▸ Short text fragments from websites
__________

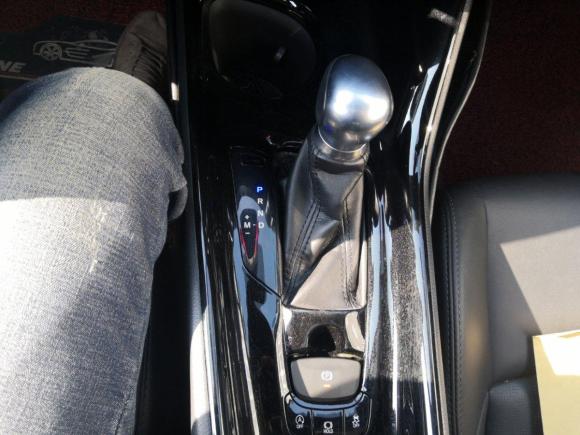 [合肥·皖A] 二手丰田奕泽IZOA2018款 2.0L 奕驰版 国V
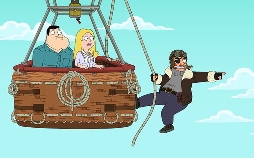 American Dad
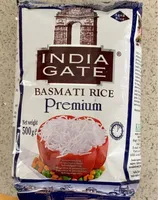 Basmati rice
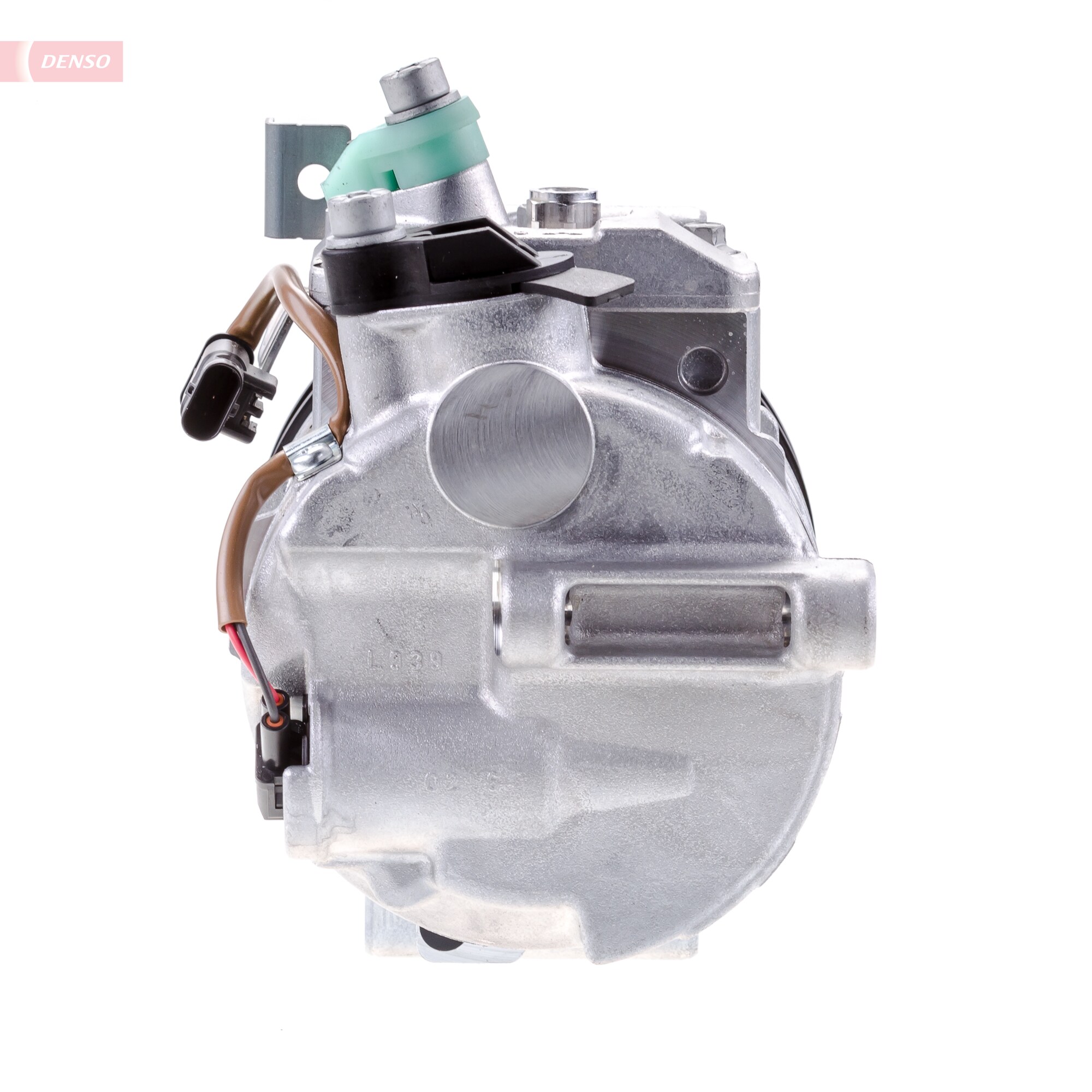 Denso Airco compressor DCP17166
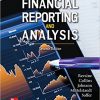 (eBook PDF) Financial Reporting and Analysis 7th Edition by Lawrence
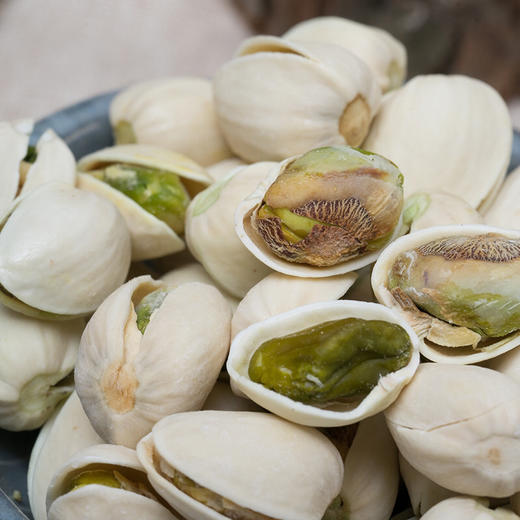 美国开心果/巴旦木/夏威夷果 商品图2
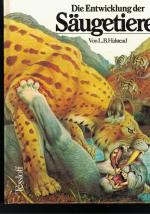 Lambert B. Halstead: Die Entwicklung der Lambert B. Halstead: Die Entwicklung der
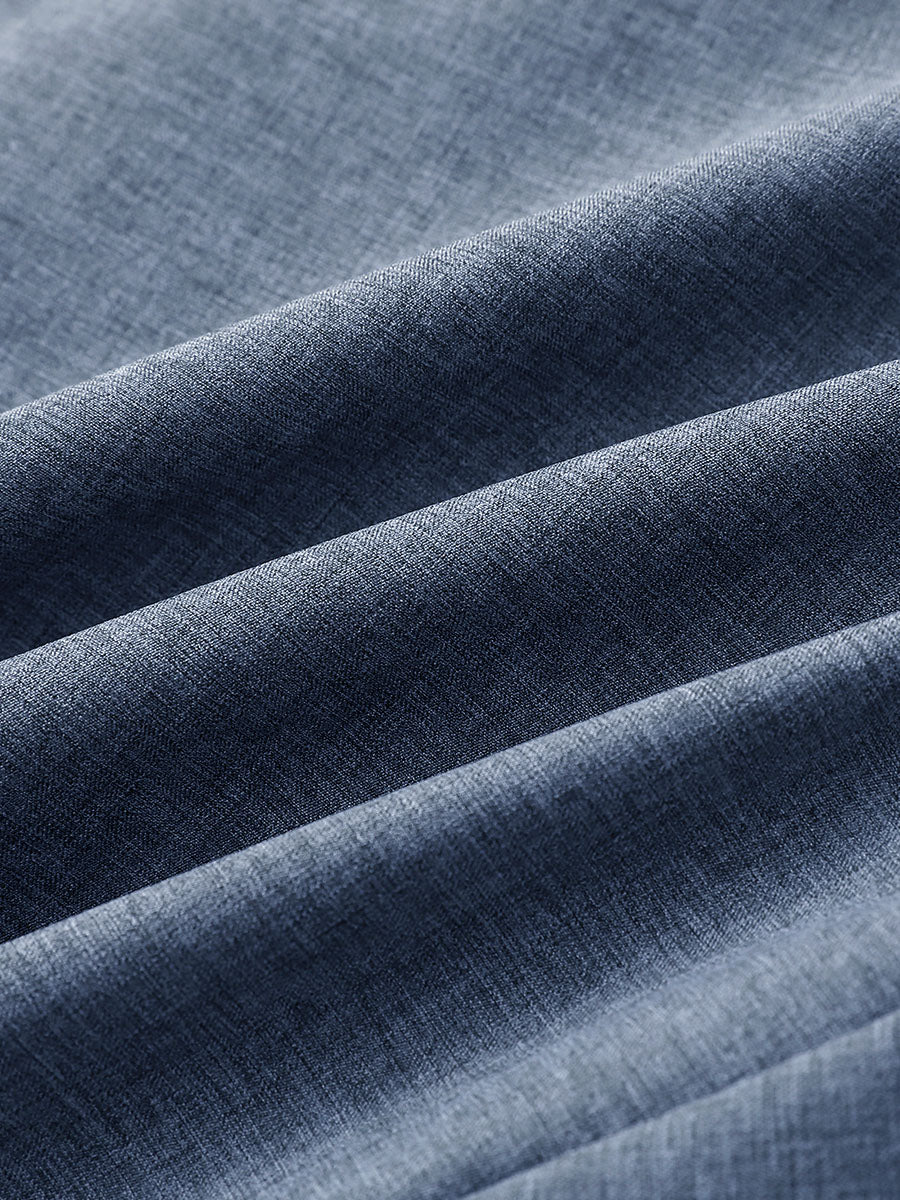 Heather Performance Golf Shorts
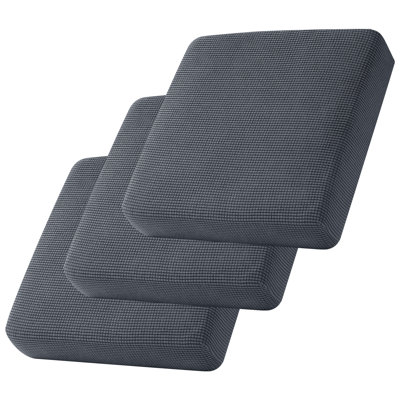 Box Cushion Sofa Slipcover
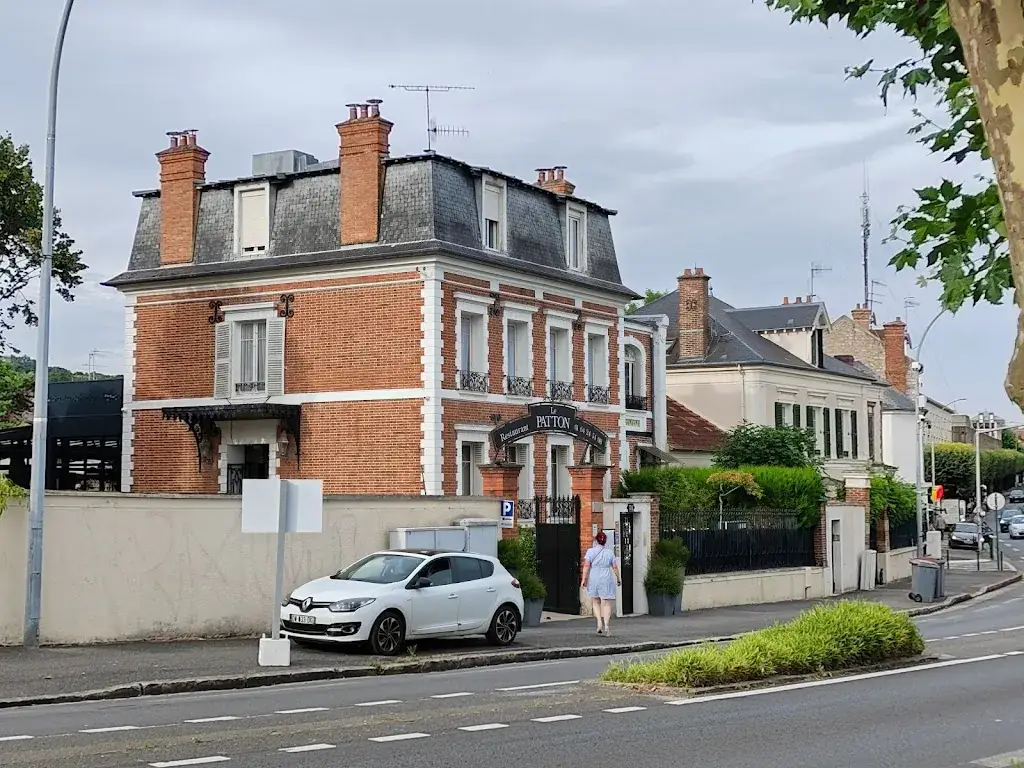 Chit Loh_Le Patton_Fontainebleau_review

__________

▸ Your goal
Begin at the line containing "Heather Performance Golf Shorts" and stop at the final line of the data. Retype those lines exactly, without the pictures.

▸ Response area
 Heather Performance Golf Shorts
 Box Cushion Sofa Slipcover
 Chit Loh_Le Patton_Fontainebleau_review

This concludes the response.